The examples in 2nd Peter and Jude from the history of Israel and earlier in the Adamic creation, of which they had the records, were chosen because of their notoriety, thus ensuring that the lessons would be clearly discerned. Note 2nd Peter 1v12 - "Wherefore I will not be negligent to put you always in remembrance of these things, though ye know them" - & Jude 5 - "I will therefore put you in remembrance, though ye once knew this". Also see Numbers 26v9-11 concerning the sinners' notoriety & unforgettable end.


Paul also chooses the case of Korah and company in 2nd Timothy 2 to illustrate the sin of rebellion and how it should be dealt with.
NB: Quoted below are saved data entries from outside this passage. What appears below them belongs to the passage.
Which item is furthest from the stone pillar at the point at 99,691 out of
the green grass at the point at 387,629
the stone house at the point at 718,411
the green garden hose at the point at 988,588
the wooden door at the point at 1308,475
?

This OT rebellion was an extreme case, so much so that "the censers of these sinners" were commanded to be made into "broad plates for a covering of the altar".


They were to be "a sign unto the children of Israel". The censers were made of brass, and were taken "out of the burning", thus illustrating that sin's flesh must be purified in the fire of affliction - Numbers 16v39,38,37.


This purification by sacrifice (to become "fine" or "burnished" or "polished" brass) is an attribute of the glorified multitudinous Christ-body, cp. Revelation 1v15; Ezekiel 1v4, 7, 13, 27; Daniel 10v6. The Christ-head of this body has been purified by His own sacrifice, cp. Hebrews 9v23-26. Without such sacrifice, salvation for both Himself and His people would have been impossible.